> **TASK DETAILS**
Range to copy from the entries below: the line containing "MINO　彩木横格子フェンス" through the line containing "送料無料【新品】女優ライト　ドレッサー＆スツールセット　ウェーブミラー　韓国風", inclusive. Retype only those lines, exactly, without any images.

> **DATA SHOWN**
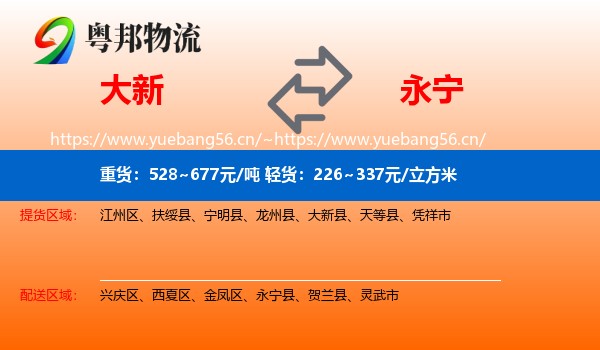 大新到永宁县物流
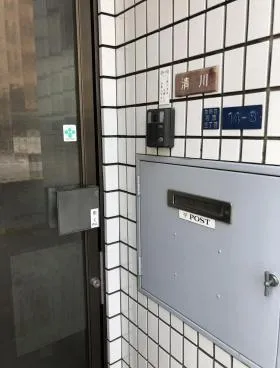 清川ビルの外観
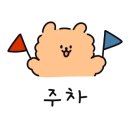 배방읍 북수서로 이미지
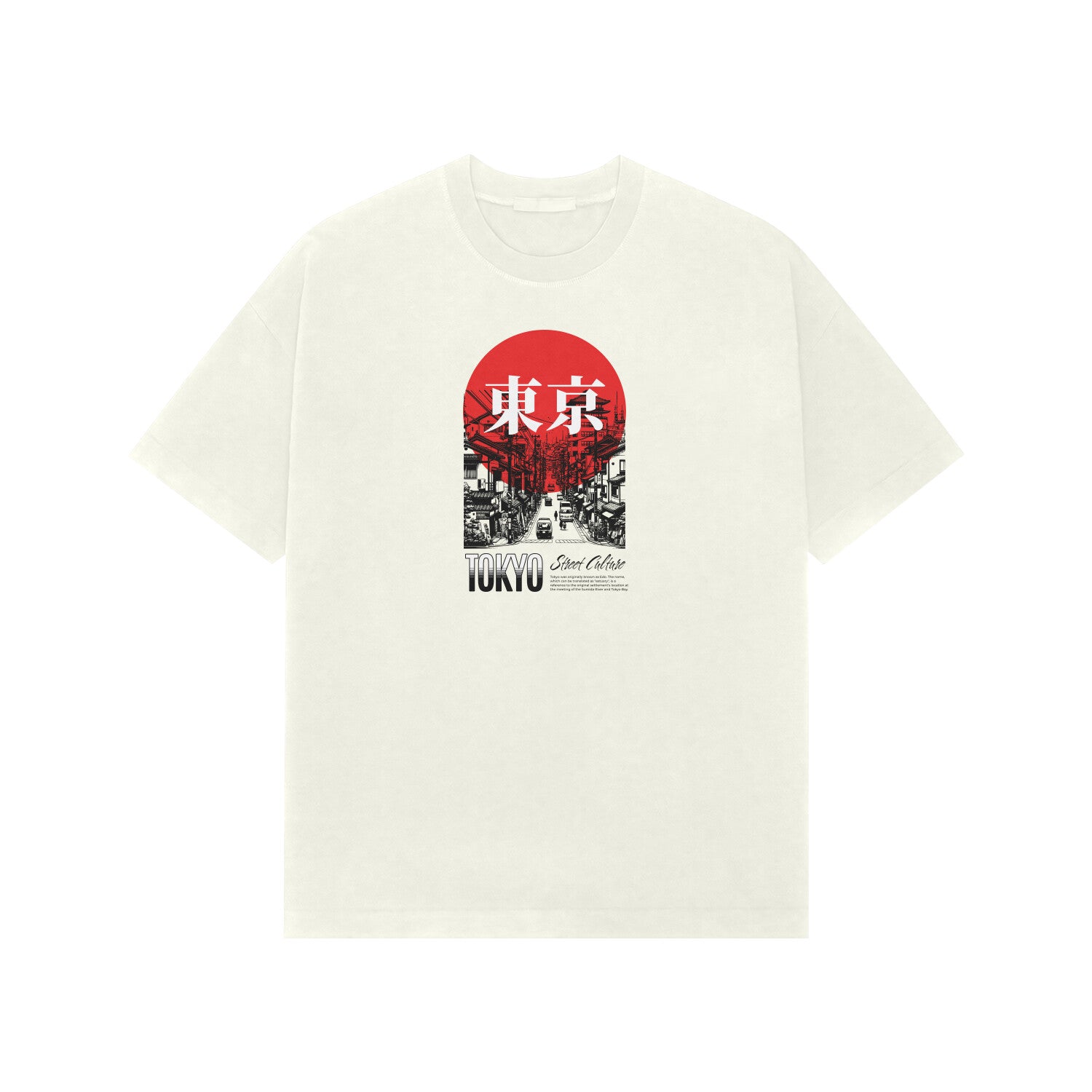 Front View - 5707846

...

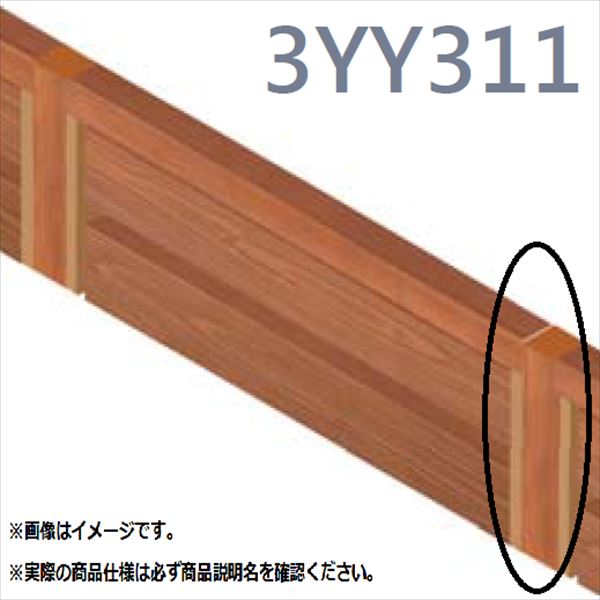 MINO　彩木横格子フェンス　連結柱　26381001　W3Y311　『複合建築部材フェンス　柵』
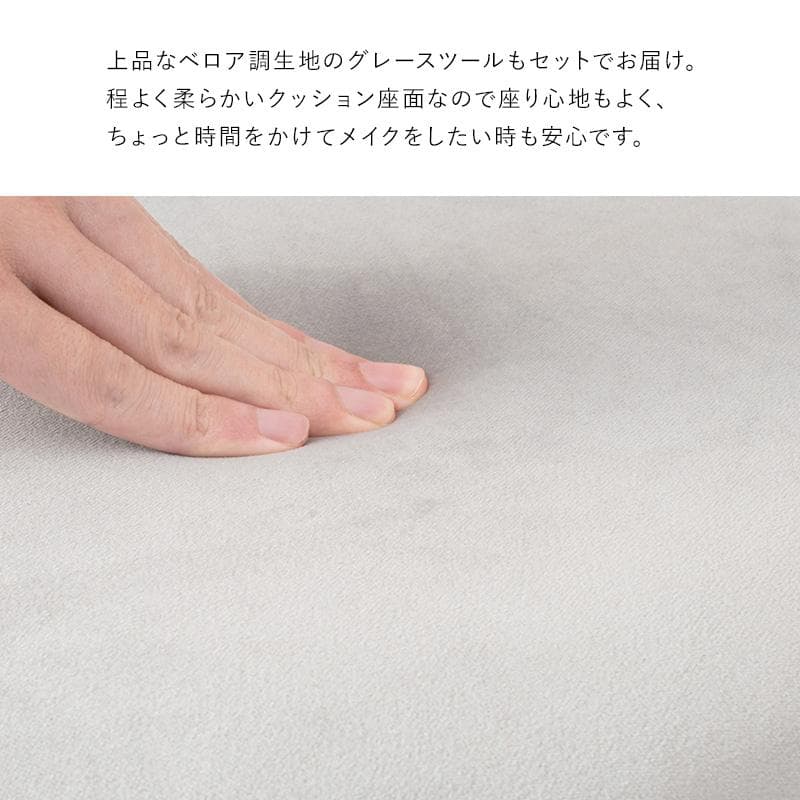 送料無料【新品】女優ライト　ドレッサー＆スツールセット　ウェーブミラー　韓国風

...

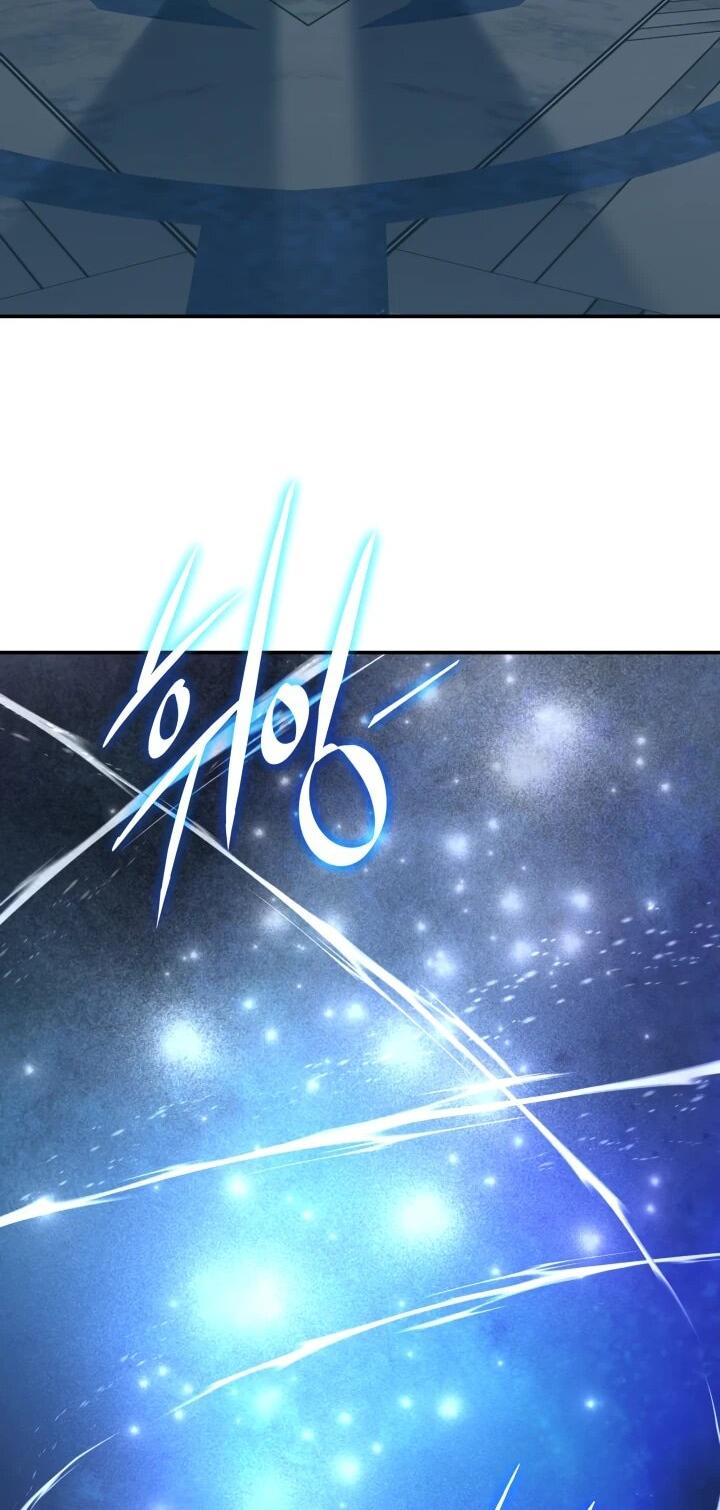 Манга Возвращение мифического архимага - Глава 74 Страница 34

> **RESPONSE AREA**
 MINO　彩木横格子フェンス　連結柱　26381001　W3Y311　『複合建築部材フェンス　柵』
 送料無料【新品】女優ライト　ドレッサー＆スツールセット　ウェーブミラー　韓国風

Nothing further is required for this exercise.